ENVI_FX_EXAMPLEBASED_DOIT

This procedure automates the Example Based Feature Extraction workflow, using an imported training data file (.shp).

Based on the segmentation options that you specify, ENVI will compute spatial, spectral, and texture attributes and will generate the following optional images: segmentation, attribute, rule confidence, and classification.

You must have an ENVI Feature Extraction license in order to use this routine.

Syntax

ENVI_DOIT, 'ENVI_FX_EXAMPLEBASED_DOIT' [, A_FID=array] [, A_POS=array] [, /ALLOW_UNCLASSIFIED] [, ATTRIBUTE_RASTER_FILENAME=string] [, BR_BANDS=array] [, CLASSIFICATION_RASTER_FILENAME=string] [, CLASSIFICATION_THRESHOLD=floating point] [, CLASSIFY_ALGORITHM=string] [, CONFIDENCE_RASTER_IMAGE=string] [, CS_BANDS=array] [, DEGREE=integer] [, DIMS=array] [, /DO_AUTO_ATTRIBUTE] [, /DO_MERGE] [, EXAMPLE_VECTOR_FILENAME=string] [, /EXPORT_VECTOR_ATTRIBUTES], FID=file ID [, /INVERSE_MASK] [, KERNEL_BIAS=floating point] [, KERNEL_GAMMA=floating point] [, KERNEL_SIZE=long integer] [, KNN_NEIGHBORS=integer] [, KERNEL_TYPE=string] [, M_FID=file ID][, MERGE_ALGORITHM=string] [ , MERGE_BANDS=array] [, MERGE_LEVEL=floating point] [, PENALTY=floating point] [, POS=array] [, R_FID=variable] [, REPORT_FILENAME=string] [, SCALE_LEVEL=floating point] [, SEGMENT_ALGORITHM=string], SEGMENTATION_RASTER_FILENAME=string [, SEGMENT_BANDS=array] [, VECTOR_FILENAME=string]

Keywords

A_FID (optional)

Set this keyword to an array of file IDs for ancillary data files.
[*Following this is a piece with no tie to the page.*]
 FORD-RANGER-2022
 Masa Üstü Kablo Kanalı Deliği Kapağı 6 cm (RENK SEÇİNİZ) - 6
Use this keyword in conjunction with the A_POS keyword. The number of elements of A_FID must equal the number of elements of A_POS.

A_POS (optional)

Set this keyword to an array of long integers representing band numbers to process in the ancillary data files. Use this keyword in conjunction with the A_FID keyword. Specify bands starting with zero (Band 1 = 0, Band 2 = 1, etc.)

Each element in the A_POS array corresponds to an element in the A_FID array. For example, suppose you have two ancillary files whose file IDs are 100 and 200. To process Band 1 from file ID 200, and to process Bands 2-5 from file 100, write the code as follows:

A_FID = [200, 100, 100, 100, 100]

A_POS = [0, 1, 2, 3, 4]

To process all bands from the same file (100), write the code as follows:

A_FID = [100, 100, 100, 100, 100]

A_POS = [0, 1, 2, 3, 4]

ALLOW_UNCLASSIFIED (optional)

This keyword is set by default to allow segments to be unclassified when the classifier cannot determine suitable classes for them.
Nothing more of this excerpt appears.